Ferguson's first troubled-asset purchase totaled $350,000 for 43 lots in phase one of Bentonville's Cornerstone Ridge neighborhood, where he paid 18 cents on the dollar in a direct purchase from the FDIC.

He bid on the property, part of a subdivision developed by Tom Terminella, in August 2008 and closed on the purchase a month later. Terminella couldn't be reached for comment.

"People thought I had lost my mind," Ferguson said. "I've more than doubled my money on it, and that got me started."

He has owned as many as 70 residential lots, a number reduced by sales to 29, and invested in about 15 foreclosure sales of homes.

Ferguson threw himself into the Cornerstone Ridge project, cleaning up debris and mowing grass on undeveloped lots. He also funded the neglected property owners' association account to make it whole and get routine maintenance of the common areas back on track.

As Ferguson waded into the project, he also discovered the neighborhood's 17-acre park had been deeded to the city, instead of just the detention pond.

"Everybody was moving way too fast," Ferguson said of the mistaken transfer he had corrected.

He's in the process of cleaning up the one remaining eyesore in the neighborhood, where he intends to finish construction of a house. Ferguson is trading two vacant lots for a partially developed one, where construction has progressed no further than the concrete slab foundation poured in 2006.

On paper, his two lots are more valuable. But he's willing to take a short-term loss to dress up the long-term value of the neighborhood.

"Banks won't do that," Ferguson said. "They won't take on other problems. I have a different attitude about this. People are going to low-ball you already. Why make it worse?

"I never want to be a distressed seller. I want to buy distressed property and sell quality."

Ferguson wonders when lenders will begin realizing the book value of assets recovered from borrowers is inflated relative to market conditions. Hoping the adjusted value of a property will double to recover a 50 percent loss can be a futile waiting game, he said.

"How much you have in it is irrelevant," he said. "The bigger question is how much can you get out of it? Banks need to come to grips with that and be dispassionate about it."

Ferguson recalls his own high-stress, gut-check epiphany trying to hold an indefensible position in the face of overwhelming market forces.

It was December 2001, and he had taken a heavy position speculating on interest rates linked with an economy not in recovery. However, the market behaved as if a recovery were under way and wouldn't budge, turning his savvy play into a losing proposition.

"When you're highly leveraged, the market can stay irrational longer than you can stay solvent," Ferguson said. "I tried to ride it out, but it only got worse.

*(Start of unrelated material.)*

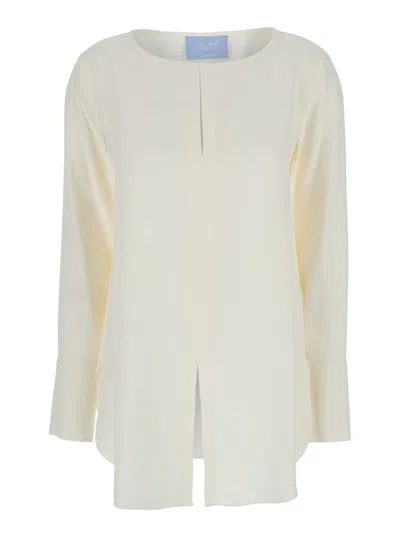 Seafarer 'poppy' White Crewneck Shirt With Rounded Hem And Vent On The Front In Viscose Blend Woman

I finally accepted my loss, and it was the best thing I ever did.

"I took some time off, came back and had the best year I ever had. I made $2 million, and it didn't matter how stupid I had been losing $600,000."

His initial investment basis later proved to be sound, which fueled his financial recovery in 2002 after he renewed his position and caught the delayed market swing.

Ferguson considered himself an above-average trader and speculator during his hedge fund days but is content with his current situation.

"I'd rather work here and make half the money," he said. "This is paradise as far as I'm concerned."

J. Brian Ferguson's Life Before Arkansas

Grew up in Greenwood, Miss.

1983: Graduated from the U.S. Military Academy, West Point, N.Y. Served five years in the Army and mustered out as an Airborne Ranger-trained captain.

1988: Joined Money Management Group Inc. of San Francisco as a trading assistant.

1989: Moved to New York to work for Tudor Investment Corp., where he was trained by Paul Tudor Jones, legendary trader and billionaire hedge fund manager. Eventually, oversaw the firm's fixed-income operations.

1993: Joined Bankers Trust Corp., transferred to London and became managing director. Oversaw the firm's European Fixed Income Arbitrage business, including European mortgage trading.

1999: Joined Soros Fund Management as portfolio manager and London board member, after Bankers Trust was acquired by Deutsche Bank.

2001: Joined Mizuho Corporate Bank as portfolio manager and head of European fixed-income trading group.